═══ AVAILABLE DATA
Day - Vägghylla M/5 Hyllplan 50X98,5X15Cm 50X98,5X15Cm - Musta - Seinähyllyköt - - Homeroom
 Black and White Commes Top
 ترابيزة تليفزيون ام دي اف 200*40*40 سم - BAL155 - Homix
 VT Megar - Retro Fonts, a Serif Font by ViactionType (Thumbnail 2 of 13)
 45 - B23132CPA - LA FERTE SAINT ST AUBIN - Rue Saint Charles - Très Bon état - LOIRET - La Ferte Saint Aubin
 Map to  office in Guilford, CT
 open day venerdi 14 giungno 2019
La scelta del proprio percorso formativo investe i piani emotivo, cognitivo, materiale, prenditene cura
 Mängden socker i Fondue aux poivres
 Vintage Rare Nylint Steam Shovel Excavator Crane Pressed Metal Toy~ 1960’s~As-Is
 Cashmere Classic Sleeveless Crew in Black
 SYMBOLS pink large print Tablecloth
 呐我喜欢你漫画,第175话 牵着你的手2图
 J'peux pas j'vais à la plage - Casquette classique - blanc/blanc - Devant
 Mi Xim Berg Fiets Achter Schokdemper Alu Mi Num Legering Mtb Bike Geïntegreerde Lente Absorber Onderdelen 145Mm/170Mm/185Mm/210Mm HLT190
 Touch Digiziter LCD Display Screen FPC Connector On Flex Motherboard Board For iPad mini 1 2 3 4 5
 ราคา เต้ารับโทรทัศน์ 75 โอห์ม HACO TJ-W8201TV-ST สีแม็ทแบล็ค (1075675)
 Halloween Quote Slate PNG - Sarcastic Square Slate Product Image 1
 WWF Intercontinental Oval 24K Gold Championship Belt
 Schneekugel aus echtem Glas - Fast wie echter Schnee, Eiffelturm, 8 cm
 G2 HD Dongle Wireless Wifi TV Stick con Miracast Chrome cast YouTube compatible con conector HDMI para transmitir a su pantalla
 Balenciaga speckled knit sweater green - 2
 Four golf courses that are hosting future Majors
══════
Every record, word for word, must be returned.

→ **RESPONSE BOX**
Day - Vägghylla M/5 Hyllplan 50X98,5X15Cm 50X98,5X15Cm - Musta - Seinähyllyköt - - Homeroom
 Black and White Commes Top
 ترابيزة تليفزيون ام دي اف 200*40*40 سم - BAL155 - Homix
 VT Megar - Retro Fonts, a Serif Font by ViactionType (Thumbnail 2 of 13)
 45 - B23132CPA - LA FERTE SAINT ST AUBIN - Rue Saint Charles - Très Bon état - LOIRET - La Ferte Saint Aubin
 Map to  office in Guilford, CT
 open day venerdi 14 giungno 2019
La scelta del proprio percorso formativo investe i piani emotivo, cognitivo, materiale, prenditene cura
 Mängden socker i Fondue aux poivres
 Vintage Rare Nylint Steam Shovel Excavator Crane Pressed Metal Toy~ 1960’s~As-Is
 Cashmere Classic Sleeveless Crew in Black
 SYMBOLS pink large print Tablecloth
 呐我喜欢你漫画,第175话 牵着你的手2图
 J'peux pas j'vais à la plage - Casquette classique - blanc/blanc - Devant
 Mi Xim Berg Fiets Achter Schokdemper Alu Mi Num Legering Mtb Bike Geïntegreerde Lente Absorber Onderdelen 145Mm/170Mm/185Mm/210Mm HLT190
 Touch Digiziter LCD Display Screen FPC Connector On Flex Motherboard Board For iPad mini 1 2 3 4 5
 ราคา เต้ารับโทรทัศน์ 75 โอห์ม HACO TJ-W8201TV-ST สีแม็ทแบล็ค (1075675)
 Halloween Quote Slate PNG - Sarcastic Square Slate Product Image 1
 WWF Intercontinental Oval 24K Gold Championship Belt
 Schneekugel aus echtem Glas - Fast wie echter Schnee, Eiffelturm, 8 cm
 G2 HD Dongle Wireless Wifi TV Stick con Miracast Chrome cast YouTube compatible con conector HDMI para transmitir a su pantalla
 Balenciaga speckled knit sweater green - 2
 Four golf courses that are hosting future Majors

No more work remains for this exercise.